To get some indication of application health, CoDeeN uses application-level pings, rather than network pings, to determine round trip times (RTTs). Originally, CoDeeN kept the average of the four most recent RTT values, and selected the 60 closest peers within a 100ms RTT cutoff. The 100ms cutoff was to reduce noticeable lag in interactive settings, such as Web browsing. In parts of the world where nodes could not find 20 peers within 100ms, this cutoff is raised to 200ms and the 20 best peers are selected.
This approach exhibited two problems - a high rate of change in the peer sets, and low overlap among peer sets for nearby peers. The high change rate potentially impacts chunk caching in CoBlitz - if the peer that previously fetched a chunk is no longer in the peer set, the new peer that replaces it may not yet have fetched the chunk. To address this issue, hysteresis was added to the peer set selection process. Any peer not on the set could only replace a peer on the set if it was closer in two-thirds of the last 32 heartbeats. Even under the worst-case conditions, using the two-thirds threshold would keep a peer on the set for 10 minutes at a time. While hysteresis reduced peer set churn, it also reinforced the low overlap between neighboring peer sets. Further investigation indicated that CoDeeN's application-level heartbeats had more than an order of magnitude variance than network pings. This variance led to instability in the average RTT calculations, so once nodes were added to the peer set, they rarely got displaced.

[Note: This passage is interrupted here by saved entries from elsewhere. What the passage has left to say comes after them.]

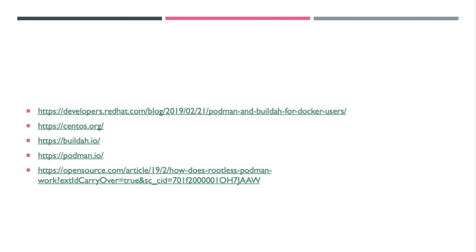And then here are some extra documentation around Buildah, Podman, and all of the rest, just in case you want to dive a little bit deeper. Thank you and I hope you enjoyed today's presentation.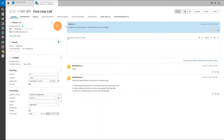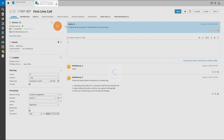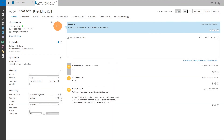To type out an invisible message that only other operators can see, select Make Invisible to Caller. Anything you type now, after saving the card, is marked by a grey box and won't be visible to the caller.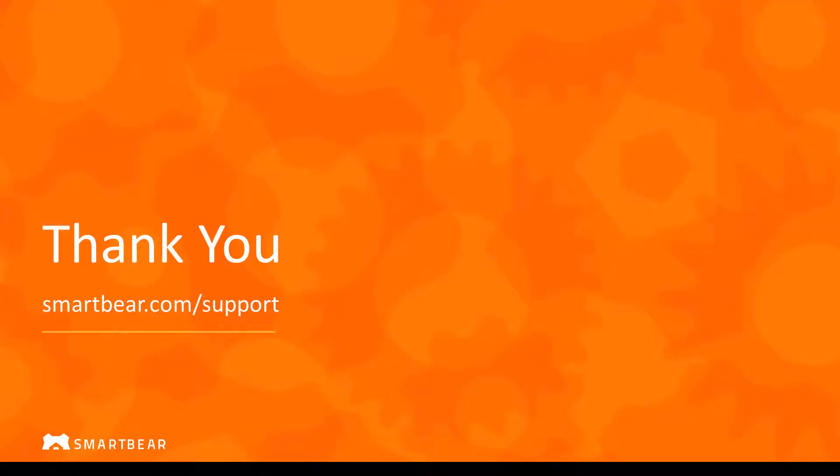To learn more please take advantage of our documentation, videos, and online community at smartbear.com/support.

Switching from an average application-level RTT to the minimum observed RTT (an approach also used in other systems (6,13,22)) and increasing the number of samples yielded significant improvement, with application-level RTTs correlating well with ping time on all functioning nodes. Misbehaving nodes still showed large application-level minimum RTTs, despite having low ping times. The overlap of peer lists for nodes at the same site increased from roughly half to almost 90%. At the same time, we discovered that many intra-PlanetLab paths had very low latency, and restricting the peer size to 60 was needlessly constrained. We increased this limit to 120 nodes, and issued 2 heartbeats per second. Of the nodes regularly running CoDeeN, two-thirds tend to now have 100+ peers. More details of the redesign process and its corresponding performance improvement can be found in our previous study (5).
For each URL, CoDeeN generates an array of values by hashing the URL
with the name of each node in the peer set. It then prunes this list
based on the replication factor specified, and then prunes it again so
only the nodes with the lowest load values remain. The final candidate
is chosen randomly from this set. Using replication and load balancing
reduces hot spots in the CDN - raising the replication factor reduces
the chance any node gets a large number of requests, but also
increases the node's working set, possibly degrading performance.
When examining origin server load in CoBlitz, we found that nodes with fewer than five peers generate almost one-third of the traffic. Some poorly-connected sites have such high latency that even with an expanded RTT criterion, they find few peers. At the same time, few sites use them as peers, leading to them being an isolated cluster. For regular Web CDN traffic, these small clusters are not much of an issue, but for large-file traffic, the extra load these clusters cause on the origin server slows the rest of the CDN significantly. Increasing the minimum number of peers per node to 60 reduces traffic to the origin. Because of unilateral peering, this change does not harm nearby nodes - other nodes still avoid these poorly-connected nodes.
Reducing the number of replicas per URL reduces origin server load, since fewer nodes fetch copies from the origin, but it also causes more bursty traffic at those replicas if downloading is synchronized. For CoBlitz, synchronized downloads occur when developers push software updates to all nodes, or when cron-initiated tasks simultaneously fetch the same file. In these cases, demand at any node experiences high burstiness over short time scales, which leads to congestion in the CDN.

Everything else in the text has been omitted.